Work item
Taking the listing below, restate word for word each line from the line with "Sữa hạt thuần" to the line with "Antibacterial Dish Drying", ends included, and stop there.

------------

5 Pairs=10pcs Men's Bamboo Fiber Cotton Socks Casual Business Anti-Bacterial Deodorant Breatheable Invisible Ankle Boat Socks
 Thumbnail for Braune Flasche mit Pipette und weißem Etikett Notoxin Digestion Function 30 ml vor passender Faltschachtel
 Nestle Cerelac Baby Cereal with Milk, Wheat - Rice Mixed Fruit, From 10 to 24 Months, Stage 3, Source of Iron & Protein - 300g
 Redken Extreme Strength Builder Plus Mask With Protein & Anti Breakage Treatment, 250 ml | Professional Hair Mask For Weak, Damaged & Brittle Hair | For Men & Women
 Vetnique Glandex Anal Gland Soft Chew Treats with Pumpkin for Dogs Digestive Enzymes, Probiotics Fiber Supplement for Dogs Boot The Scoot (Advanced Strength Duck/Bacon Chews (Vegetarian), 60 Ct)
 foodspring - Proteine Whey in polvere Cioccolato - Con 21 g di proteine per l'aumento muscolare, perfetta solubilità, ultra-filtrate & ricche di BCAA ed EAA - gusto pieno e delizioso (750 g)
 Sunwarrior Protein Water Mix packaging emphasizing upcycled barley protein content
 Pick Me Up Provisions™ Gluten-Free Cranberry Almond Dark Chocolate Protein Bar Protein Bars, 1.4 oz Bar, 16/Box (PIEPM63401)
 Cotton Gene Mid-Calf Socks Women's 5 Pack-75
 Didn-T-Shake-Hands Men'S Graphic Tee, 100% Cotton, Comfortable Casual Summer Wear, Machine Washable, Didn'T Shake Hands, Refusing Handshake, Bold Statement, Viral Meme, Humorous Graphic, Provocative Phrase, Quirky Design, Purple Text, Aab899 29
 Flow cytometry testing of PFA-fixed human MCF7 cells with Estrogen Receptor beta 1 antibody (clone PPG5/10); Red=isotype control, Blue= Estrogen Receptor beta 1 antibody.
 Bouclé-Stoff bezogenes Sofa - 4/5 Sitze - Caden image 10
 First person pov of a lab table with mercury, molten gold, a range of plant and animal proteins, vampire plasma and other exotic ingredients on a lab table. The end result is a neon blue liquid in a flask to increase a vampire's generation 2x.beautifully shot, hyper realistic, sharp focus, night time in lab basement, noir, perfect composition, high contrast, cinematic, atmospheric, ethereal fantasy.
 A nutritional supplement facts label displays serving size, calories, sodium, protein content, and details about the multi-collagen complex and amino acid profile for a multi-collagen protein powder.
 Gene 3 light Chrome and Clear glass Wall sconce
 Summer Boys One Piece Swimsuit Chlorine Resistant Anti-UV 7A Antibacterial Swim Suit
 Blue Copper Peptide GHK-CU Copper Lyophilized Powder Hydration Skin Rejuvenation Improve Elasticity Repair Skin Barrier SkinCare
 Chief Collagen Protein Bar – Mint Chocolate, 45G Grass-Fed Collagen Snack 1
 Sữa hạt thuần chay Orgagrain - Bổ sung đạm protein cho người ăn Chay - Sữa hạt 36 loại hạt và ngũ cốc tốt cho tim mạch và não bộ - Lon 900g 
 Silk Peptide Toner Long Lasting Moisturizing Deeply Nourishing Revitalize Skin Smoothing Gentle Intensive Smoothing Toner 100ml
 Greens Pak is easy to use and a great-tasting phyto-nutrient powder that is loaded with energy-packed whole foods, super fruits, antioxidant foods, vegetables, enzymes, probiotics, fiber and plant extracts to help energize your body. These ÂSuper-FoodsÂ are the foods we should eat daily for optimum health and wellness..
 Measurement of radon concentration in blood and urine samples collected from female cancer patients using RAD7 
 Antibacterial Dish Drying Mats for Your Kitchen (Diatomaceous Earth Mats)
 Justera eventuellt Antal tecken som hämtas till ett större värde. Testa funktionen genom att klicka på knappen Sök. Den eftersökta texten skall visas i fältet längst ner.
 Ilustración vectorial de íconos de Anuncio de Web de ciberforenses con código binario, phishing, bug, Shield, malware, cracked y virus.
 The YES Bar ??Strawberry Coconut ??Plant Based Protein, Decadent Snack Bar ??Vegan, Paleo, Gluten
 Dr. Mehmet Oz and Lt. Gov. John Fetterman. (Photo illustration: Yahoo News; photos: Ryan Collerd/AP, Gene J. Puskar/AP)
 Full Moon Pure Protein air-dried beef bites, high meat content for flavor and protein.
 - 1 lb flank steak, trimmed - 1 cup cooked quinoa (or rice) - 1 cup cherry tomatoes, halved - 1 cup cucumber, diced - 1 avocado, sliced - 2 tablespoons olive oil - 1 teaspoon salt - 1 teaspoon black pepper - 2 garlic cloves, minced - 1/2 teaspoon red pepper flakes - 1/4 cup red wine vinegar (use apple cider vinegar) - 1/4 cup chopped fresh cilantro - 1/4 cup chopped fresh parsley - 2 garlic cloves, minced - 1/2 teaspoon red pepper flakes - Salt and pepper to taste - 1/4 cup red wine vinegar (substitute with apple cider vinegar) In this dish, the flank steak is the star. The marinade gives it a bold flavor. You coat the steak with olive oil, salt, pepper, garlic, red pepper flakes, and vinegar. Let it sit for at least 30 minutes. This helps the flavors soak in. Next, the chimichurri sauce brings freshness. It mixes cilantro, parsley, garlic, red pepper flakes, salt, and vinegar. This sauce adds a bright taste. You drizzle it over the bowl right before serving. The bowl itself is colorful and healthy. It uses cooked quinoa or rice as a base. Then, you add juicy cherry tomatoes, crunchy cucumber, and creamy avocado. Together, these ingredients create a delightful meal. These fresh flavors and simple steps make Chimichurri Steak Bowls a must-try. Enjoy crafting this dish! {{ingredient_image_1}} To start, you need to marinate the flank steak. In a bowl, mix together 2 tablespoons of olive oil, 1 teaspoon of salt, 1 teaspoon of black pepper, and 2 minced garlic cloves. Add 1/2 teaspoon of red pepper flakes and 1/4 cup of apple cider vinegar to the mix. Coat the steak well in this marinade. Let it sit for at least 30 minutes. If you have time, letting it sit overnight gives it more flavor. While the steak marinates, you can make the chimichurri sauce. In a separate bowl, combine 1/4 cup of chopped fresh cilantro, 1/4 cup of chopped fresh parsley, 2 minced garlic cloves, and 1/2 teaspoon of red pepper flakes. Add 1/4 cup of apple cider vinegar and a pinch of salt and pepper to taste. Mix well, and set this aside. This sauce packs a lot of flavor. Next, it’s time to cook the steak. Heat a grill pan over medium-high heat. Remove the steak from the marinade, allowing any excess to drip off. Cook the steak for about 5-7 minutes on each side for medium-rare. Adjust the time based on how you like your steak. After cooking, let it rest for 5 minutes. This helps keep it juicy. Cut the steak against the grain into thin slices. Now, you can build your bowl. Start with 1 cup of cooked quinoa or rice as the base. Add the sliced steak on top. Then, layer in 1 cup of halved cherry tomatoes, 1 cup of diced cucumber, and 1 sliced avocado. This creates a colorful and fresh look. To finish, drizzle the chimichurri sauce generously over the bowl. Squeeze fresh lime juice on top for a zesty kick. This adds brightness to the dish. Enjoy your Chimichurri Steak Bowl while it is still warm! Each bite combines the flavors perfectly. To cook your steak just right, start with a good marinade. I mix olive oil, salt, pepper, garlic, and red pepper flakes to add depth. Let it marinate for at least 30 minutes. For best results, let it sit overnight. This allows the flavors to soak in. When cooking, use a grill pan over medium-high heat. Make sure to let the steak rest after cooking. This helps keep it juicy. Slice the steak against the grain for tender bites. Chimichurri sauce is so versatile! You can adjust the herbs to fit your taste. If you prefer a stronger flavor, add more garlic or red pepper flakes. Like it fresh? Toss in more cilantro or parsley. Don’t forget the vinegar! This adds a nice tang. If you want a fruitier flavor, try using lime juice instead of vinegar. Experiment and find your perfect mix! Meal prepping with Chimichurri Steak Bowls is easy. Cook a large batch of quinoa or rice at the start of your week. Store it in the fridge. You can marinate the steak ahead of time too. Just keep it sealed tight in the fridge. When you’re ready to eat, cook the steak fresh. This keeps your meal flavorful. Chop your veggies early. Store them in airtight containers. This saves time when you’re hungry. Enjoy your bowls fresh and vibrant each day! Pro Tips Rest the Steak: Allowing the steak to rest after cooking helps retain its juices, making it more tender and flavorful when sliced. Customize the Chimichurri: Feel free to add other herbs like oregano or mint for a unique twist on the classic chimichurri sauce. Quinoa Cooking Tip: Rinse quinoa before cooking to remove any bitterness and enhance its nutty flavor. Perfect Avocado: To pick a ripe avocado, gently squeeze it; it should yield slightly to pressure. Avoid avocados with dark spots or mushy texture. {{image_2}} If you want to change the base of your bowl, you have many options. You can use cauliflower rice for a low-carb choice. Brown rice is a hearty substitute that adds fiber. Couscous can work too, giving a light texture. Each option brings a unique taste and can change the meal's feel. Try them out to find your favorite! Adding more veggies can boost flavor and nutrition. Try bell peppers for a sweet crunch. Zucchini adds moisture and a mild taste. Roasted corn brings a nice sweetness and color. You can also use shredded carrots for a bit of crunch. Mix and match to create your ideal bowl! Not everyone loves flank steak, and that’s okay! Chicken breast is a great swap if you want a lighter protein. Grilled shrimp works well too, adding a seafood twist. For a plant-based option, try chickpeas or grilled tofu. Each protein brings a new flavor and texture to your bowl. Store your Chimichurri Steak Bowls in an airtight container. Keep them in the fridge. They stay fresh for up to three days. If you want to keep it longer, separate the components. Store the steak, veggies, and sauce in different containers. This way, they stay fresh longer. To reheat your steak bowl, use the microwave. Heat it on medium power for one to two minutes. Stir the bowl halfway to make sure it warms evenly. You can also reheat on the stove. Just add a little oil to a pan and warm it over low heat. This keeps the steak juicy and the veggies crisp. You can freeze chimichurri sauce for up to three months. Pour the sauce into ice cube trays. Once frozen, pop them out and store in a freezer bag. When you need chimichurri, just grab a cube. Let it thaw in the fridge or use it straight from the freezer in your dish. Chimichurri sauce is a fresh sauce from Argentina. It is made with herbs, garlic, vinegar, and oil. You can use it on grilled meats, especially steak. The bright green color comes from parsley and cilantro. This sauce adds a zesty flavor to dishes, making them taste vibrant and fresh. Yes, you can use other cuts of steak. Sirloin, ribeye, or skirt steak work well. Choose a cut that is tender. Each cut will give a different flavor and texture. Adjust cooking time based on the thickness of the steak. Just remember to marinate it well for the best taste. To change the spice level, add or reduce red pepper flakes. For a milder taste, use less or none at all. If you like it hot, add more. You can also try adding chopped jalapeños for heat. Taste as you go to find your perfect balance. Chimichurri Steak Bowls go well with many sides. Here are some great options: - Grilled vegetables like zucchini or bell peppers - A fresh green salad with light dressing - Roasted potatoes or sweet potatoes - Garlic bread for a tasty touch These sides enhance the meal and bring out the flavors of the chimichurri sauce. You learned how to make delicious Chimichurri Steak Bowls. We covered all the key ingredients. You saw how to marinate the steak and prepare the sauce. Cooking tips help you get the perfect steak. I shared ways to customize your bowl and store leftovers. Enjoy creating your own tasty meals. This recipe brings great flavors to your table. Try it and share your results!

------------

Problem solution
 Sữa hạt thuần chay Orgagrain - Bổ sung đạm protein cho người ăn Chay - Sữa hạt 36 loại hạt và ngũ cốc tốt cho tim mạch và não bộ - Lon 900g 
 Silk Peptide Toner Long Lasting Moisturizing Deeply Nourishing Revitalize Skin Smoothing Gentle Intensive Smoothing Toner 100ml
 Greens Pak is easy to use and a great-tasting phyto-nutrient powder that is loaded with energy-packed whole foods, super fruits, antioxidant foods, vegetables, enzymes, probiotics, fiber and plant extracts to help energize your body. These ÂSuper-FoodsÂ are the foods we should eat daily for optimum health and wellness..
 Measurement of radon concentration in blood and urine samples collected from female cancer patients using RAD7 
 Antibacterial Dish Drying Mats for Your Kitchen (Diatomaceous Earth Mats)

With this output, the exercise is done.